At the rate the US is going we are heading for fiscal disaster and we have an increasingly bolder President and Congress who seem to endorse the bankruptcy of the republic. The previous administration is equally as guilty as they did not see a spending bill that they did not like either, but the primary difference is we were promised changed, transparency and real change. We received none of what we were promised and from my vantage point the economy, which is what Americans are really looking at, is getting worse not better.
In my neck of the woods Penn Traffic just went into chapter 11 and will promptly be firing 5,000 people, they were a grocer so go figure that a grocer went out of business, and Adidas is moving 100 jobs out of this area for foreign shores, those are not green shoots. Only now does the government decide to make jobs a top priority, but I thought that is what the $797B stimulus bill was for? I guess I misunderstood what they were saying when they passed that bill at the dead of night on that Friday in February. Never fear though as the government is here to save the day with another estimated $500B jobs bill that will more than likely be passed in early January 2010, just in time for the BLS announcement of the overstatement of some 800,000 jobs between January and March of 2009.
My point is that is things were truly better than we would not even be having this discussion. Unemployment would not be climbing towards 11% and firms like Johnson and Johnson would not be trimming their work force by 6%. The Federal Reserve would not be keeping rates at 0% and continuing quantitative easing, which is monetizing the debt no matter how you cut it.
Foreclosures would not be increasing and the mortgage modification programs would not be failing, see CNBC Reality Check for the story how people still fall behind after they modify their mortgage, the FDIC would not be in the red by $8B, there would not be 550 banks on the FDIC troubled bank list (an increase of 140 banks since last quarter), banks would not be worrying about bringing on off balance sheet SIV’s into the light, and the Fed would not fear anyone looking at their books. If all were fine, none of those things would be open for discussion, but they are and we are talking about them. As I have also said many times before, it is a year later and what has really changed? Banks still hold the same bad debt on their books, but the accounting rules have changed, that’s it and everything else is the same which means we still got major problems.
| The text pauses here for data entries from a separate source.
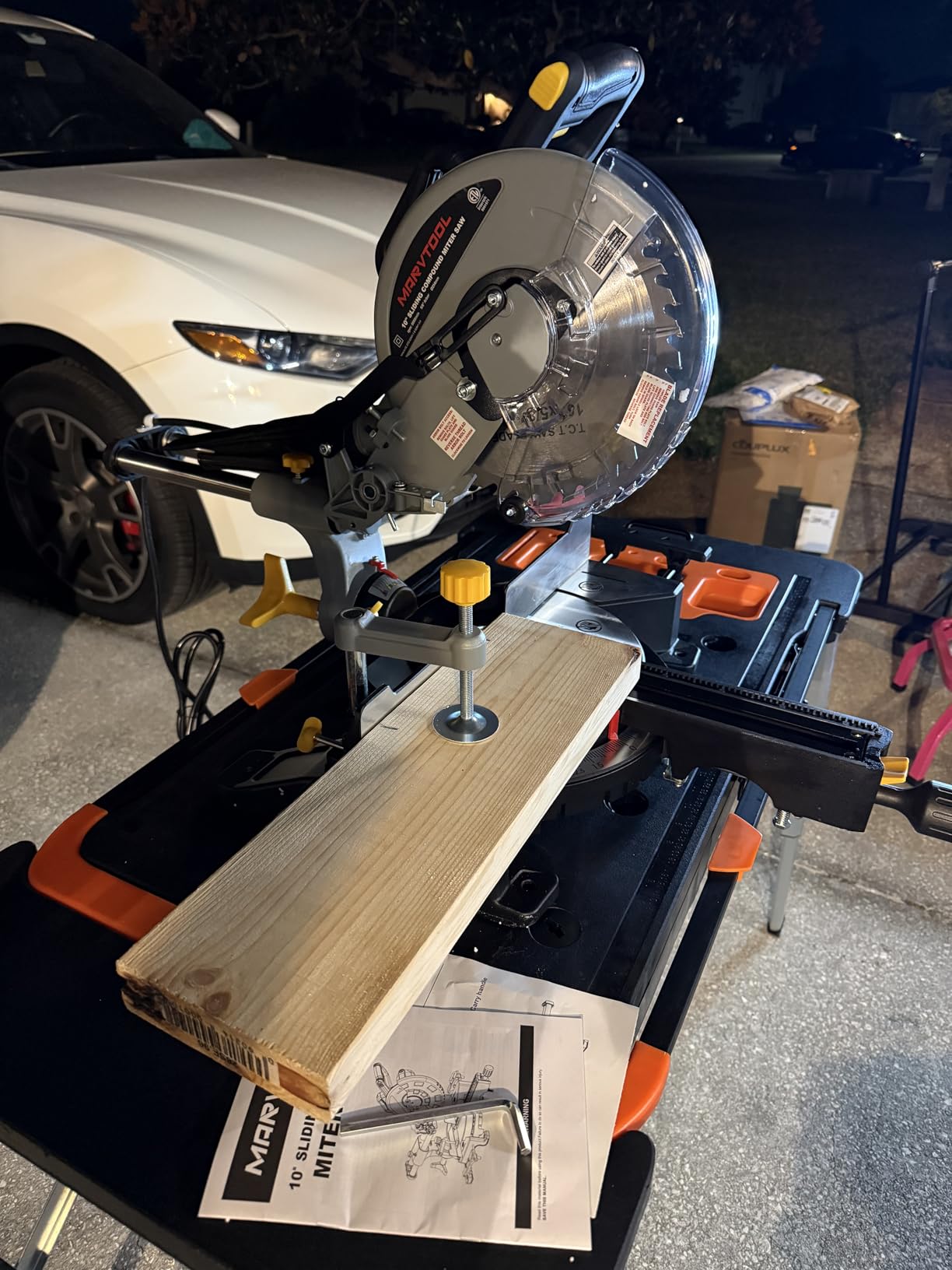 10-inch Sliding Compound Miter Saw, 5000RPM, 15 Amp, Single Bevel 0-45° with Extension Table, 36T Blade, Power Saw for Metal, Plastic, Wood, Laminates customer photo 1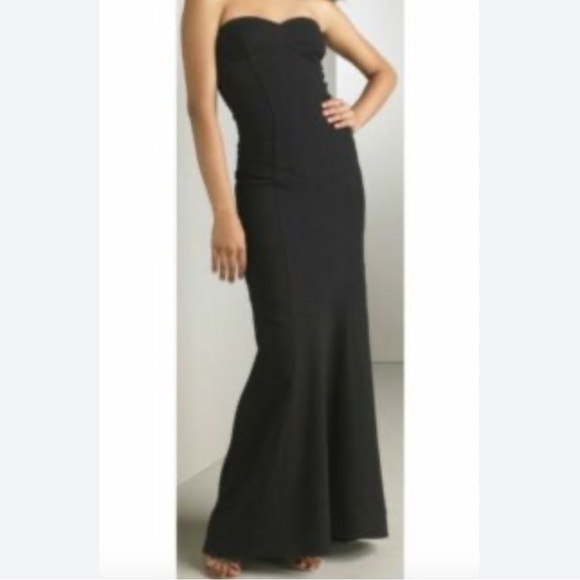NWOT Diane Von Furstenberg DVF OLSEN GOWN Maxi Dress Corset detail Black SZ 2
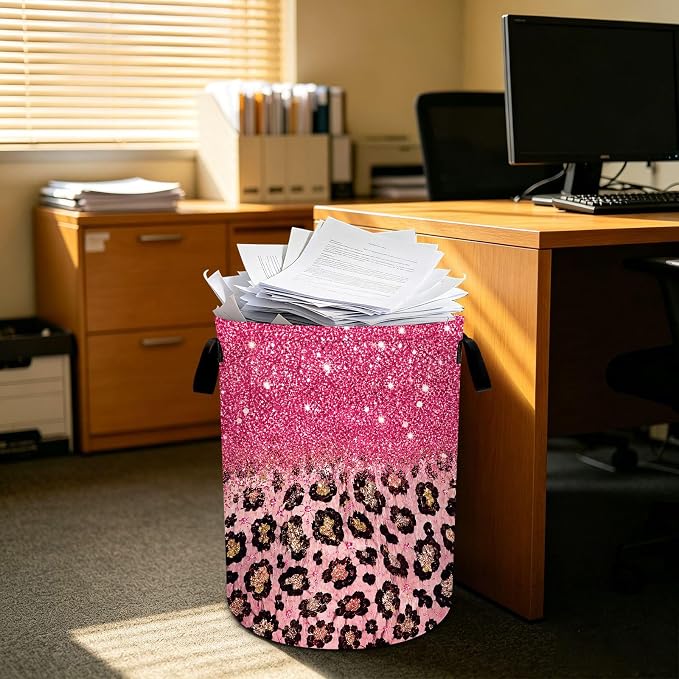 Leopard Laundry Basket Collapsible Oxford Laundry Hamper Clothes Storage Bin with Handles for Bedroom Bathroom Laundry Room 19.6 x 15.7 Inches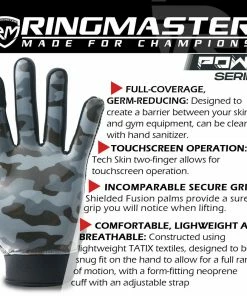 Fitness RingMaster Sports PowR Gym Training Gloves Grey Camo
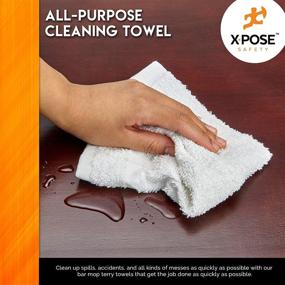 img 1 attached to 🧺 Xpose Safety Bar Mop Towels 12 Pack - Premium Quality Terry Cloth Cotton Absorbent Rags for Home, Kitchen, and Restaurant Cleaning - 12" x 12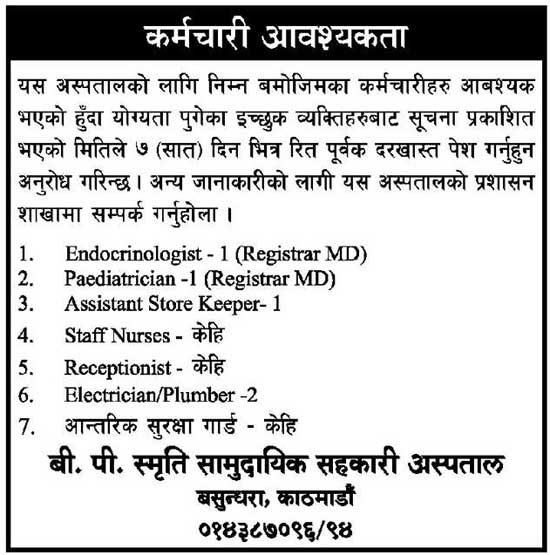 BP Smriti Community Cooperative Hospital Vacancy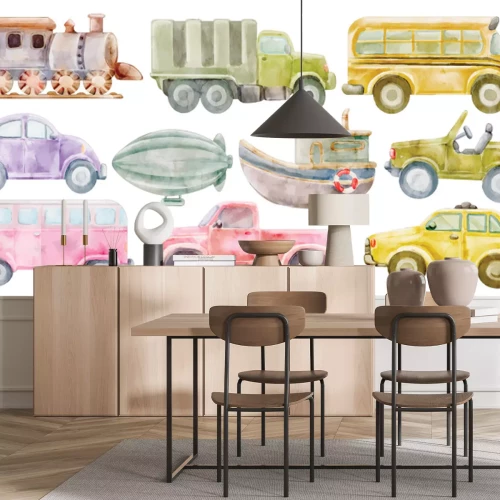 Sticker Kleurrijke aquarelvoertuigen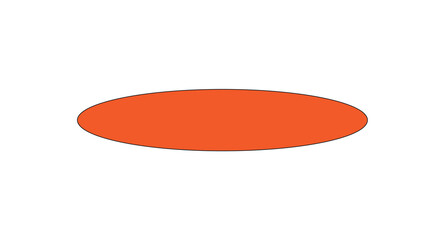 An orange ellipse with a black outline centered on a white background in a simple graphic design style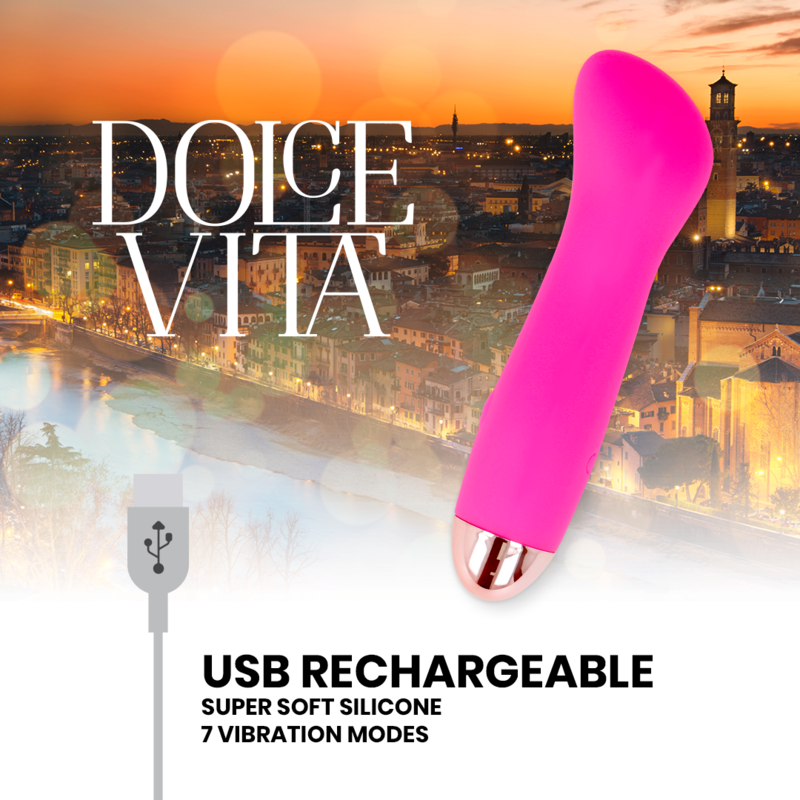 Dolce Aufladbarer Vibrator eine Rosa 7 Geschwindigkeit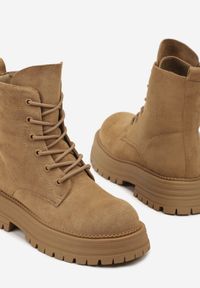 Renee - Ciemnobeżowe Casualowe Botki Typu Workery Vemarine. Okazja: na co dzień. Zapięcie: sznurówki. Kolor: beżowy. Materiał: jeans. Styl: casual #6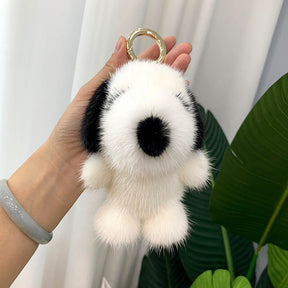 Cute Mink Fur Puppy Keychain - Snoopi Charm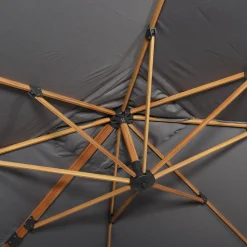 3x3m Square Offset Parasol with Wood-Effect Frame + 50x50cm Weighted Slabs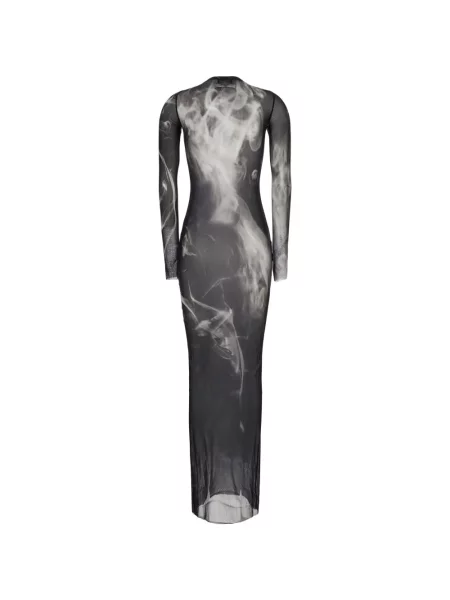 Lung rochie maxi Jean Paul Gaultier cu imagine negru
Maria Bartiromo just uttered those words on CNBC. Clearly, she has nothing to worry about with a boom and bust economy since she really never has to worry about losing her job. In fact, that very job security is perhaps why CNBC has little regard for the effect markets have on ordinary people. It may also explain why they are always bullish, even when they are clearly wrong, because being bullish is more fun for them.
Maria, here is what is wrong with a boom and bust economy, in the real world, which I pulled from CNBC.com; “It’s home to Disneyland — “the happiest place on earth” — but deputies enforcing home evictions in Anaheim find mold, backed-up plumbing, marijuana crops, abandoned grandparents and the occasional suicide.”
Do you get it now? I am sure you don’t, but maybe, just maybe you will.